## Required work
Please repeat the data below exactly, with the pictures removed.

## Data block
_ _ _ _ _
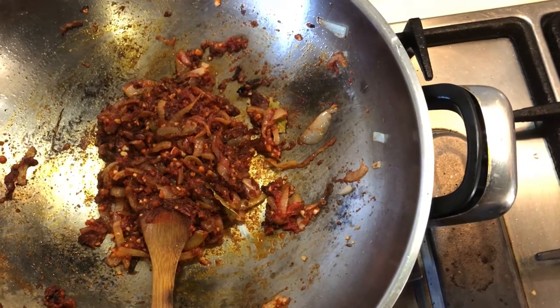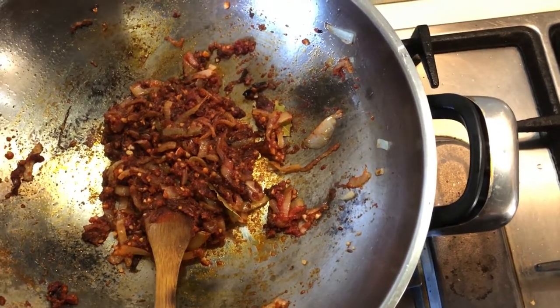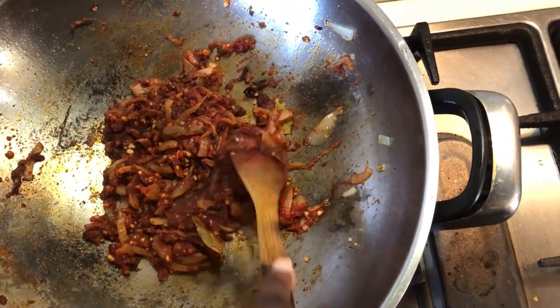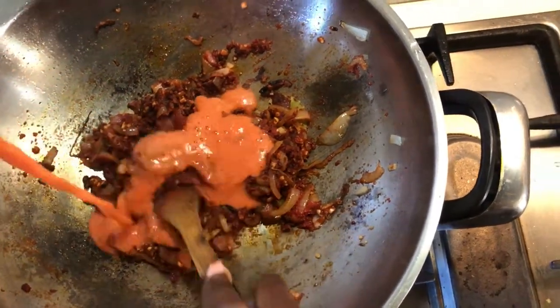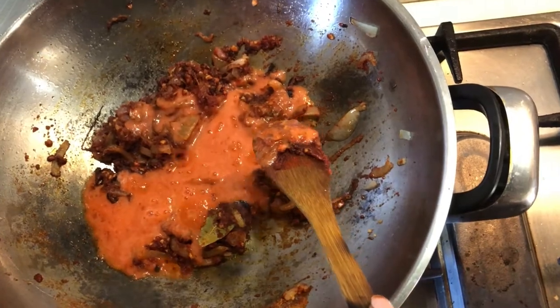Now that our mixture has been blended, you might think it looks a little bit dry — don't worry, because we have our tomato sauce to save the day.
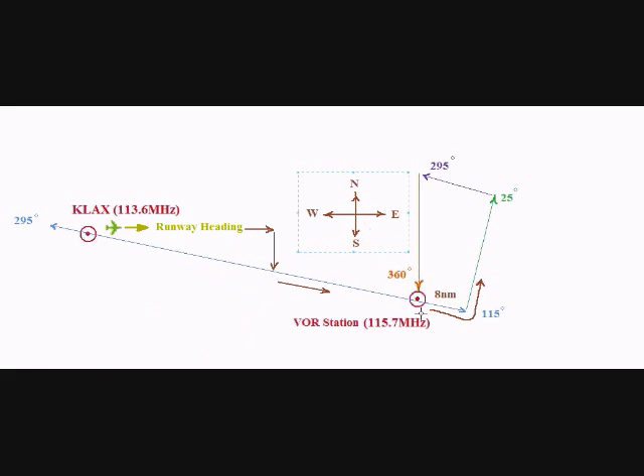Eventually, we want to come back to this VOR station. And if I put up this compass on the map, you'll see that in order to get back to the VOR station, we have to go south. Therefore, I will go to my VOR instrument and rotate the OBS knob until I have the south heading. We will continue flying along the 25 degree course for 5 minutes. And after 5 minutes, what we want to do is to turn left so that we can intercept this south vector as soon as possible.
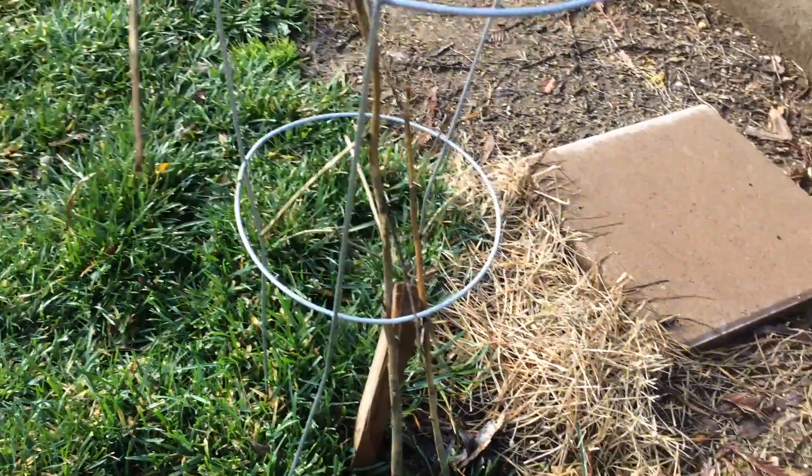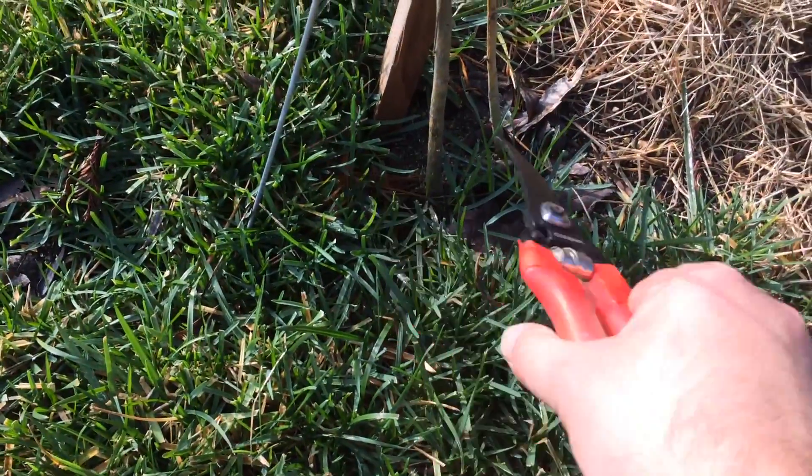It didn't take the frost so well, so I'm going to prune back. I prune my other ones almost all the way down to the ground, but it's green. Beautiful.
_ _ _ _ _
## Response to the exercise
Now that our mixture has been blended, you might think it looks a little bit dry — don't worry, because we have our tomato sauce to save the day.
Eventually, we want to come back to this VOR station. And if I put up this compass on the map, you'll see that in order to get back to the VOR station, we have to go south. Therefore, I will go to my VOR instrument and rotate the OBS knob until I have the south heading. We will continue flying along the 25 degree course for 5 minutes. And after 5 minutes, what we want to do is to turn left so that we can intercept this south vector as soon as possible.
It didn't take the frost so well, so I'm going to prune back. I prune my other ones almost all the way down to the ground, but it's green. Beautiful.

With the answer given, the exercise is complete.